More than 6,000 people have been killed and 2m displaced in more than a year of fighting between the two sides.

Negotiations on ending the conflict are due to be held later this month in Kuwait.

Torn in two: Yemen divided

“The Arab coalition is going to respect a ceasefire in Yemen starting from midnight Sunday at the demand of President [Abdrabbuh Mansour] Hadi but reserves the right to respond” to any rebel attacks, the coalition statement said.

A further 20 people were reportedly killed in clashes on Sunday, hours before the truce was due to come into effect.

Image copyright EPA

Previous UN-sponsored negotiations have failed to make progress and a ceasefire last December was abandoned after repeated violations.

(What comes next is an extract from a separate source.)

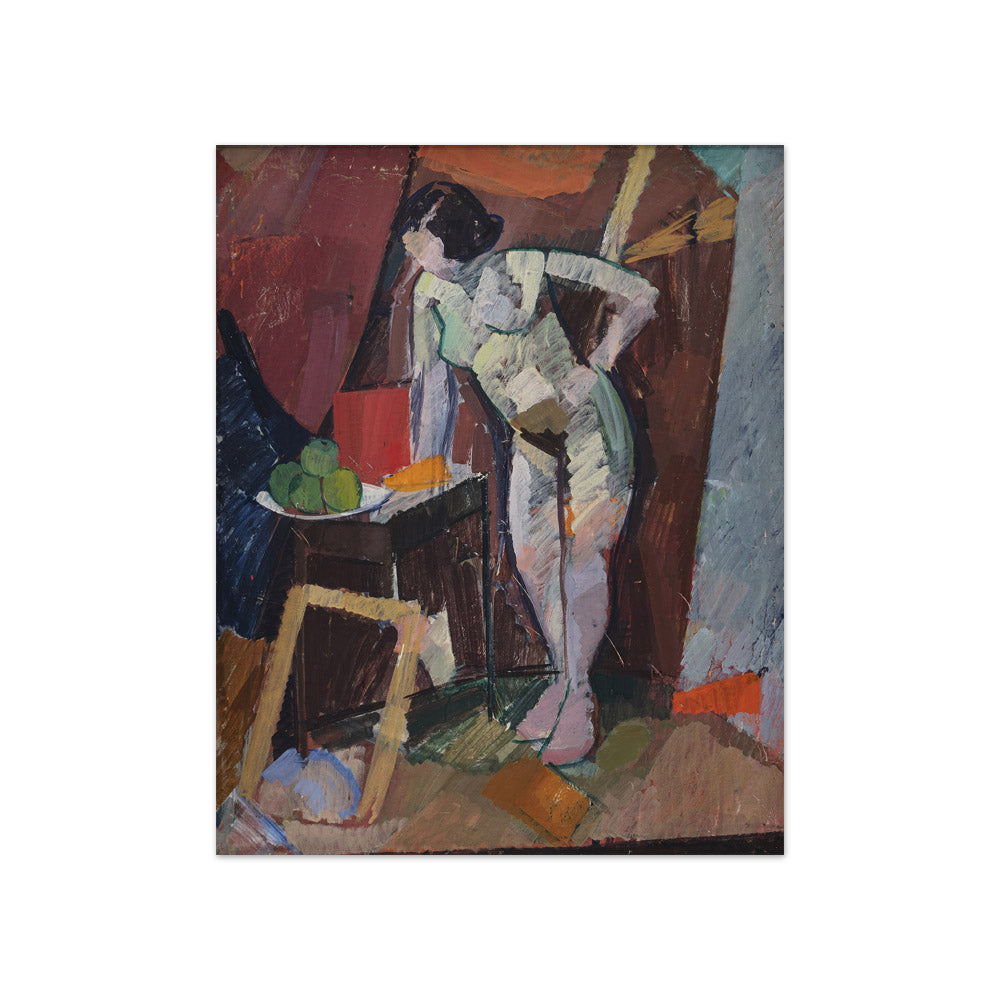 Standing Female Nude by Edvard Weie - Compact / Full Bleed / No Frame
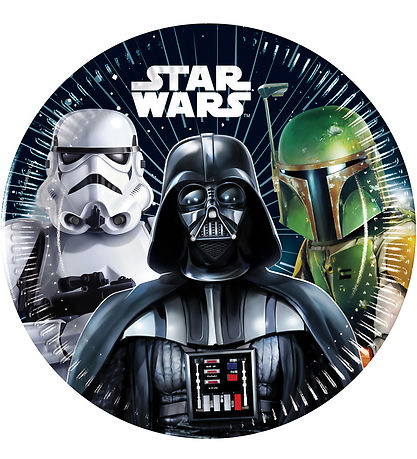 Decorata Party Paptallerkner - 8-pak - 19,5 cm - Star Wars Galax Decorata Party Paptallerkner - 8-pak - 19,5 cm - Star Wars Galax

On Saturday, President Hadi said he was taking the Kuwait negotiations seriously.

But he insisted the Houthis agree to abide by a UN Security Council resolution, calling from their withdrawal from seized territory and disarmament.

The Houthis – backed by Iran and supported by former President Ali Abdullah Saleh – took over the capital Sanaa and much of the west of he country in 2014.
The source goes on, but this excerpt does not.